:: TASK REQUIREMENTS ::
Please quote only the lines that start at the one with "MaxColor - 18k" and go on to the last line of the data, both ends kept.

:: Stored items ::
*** Block opens ***
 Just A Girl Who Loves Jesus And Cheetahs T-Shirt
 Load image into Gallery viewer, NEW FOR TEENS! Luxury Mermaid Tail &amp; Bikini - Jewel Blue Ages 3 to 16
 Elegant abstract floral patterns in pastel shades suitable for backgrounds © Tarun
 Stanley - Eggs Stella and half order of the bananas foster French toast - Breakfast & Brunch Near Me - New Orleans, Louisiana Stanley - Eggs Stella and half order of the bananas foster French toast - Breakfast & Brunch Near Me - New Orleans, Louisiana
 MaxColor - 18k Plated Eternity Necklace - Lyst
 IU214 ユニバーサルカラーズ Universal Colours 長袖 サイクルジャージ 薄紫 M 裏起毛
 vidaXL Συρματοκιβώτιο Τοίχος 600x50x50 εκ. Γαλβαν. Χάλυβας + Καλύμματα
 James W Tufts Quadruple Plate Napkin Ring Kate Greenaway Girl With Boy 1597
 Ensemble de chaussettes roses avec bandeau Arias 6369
*** Block closes ***
:: ANSWER SECTION ::
 MaxColor - 18k Plated Eternity Necklace - Lyst
 IU214 ユニバーサルカラーズ Universal Colours 長袖 サイクルジャージ 薄紫 M 裏起毛
 vidaXL Συρματοκιβώτιο Τοίχος 600x50x50 εκ. Γαλβαν. Χάλυβας + Καλύμματα
 James W Tufts Quadruple Plate Napkin Ring Kate Greenaway Girl With Boy 1597
 Ensemble de chaussettes roses avec bandeau Arias 6369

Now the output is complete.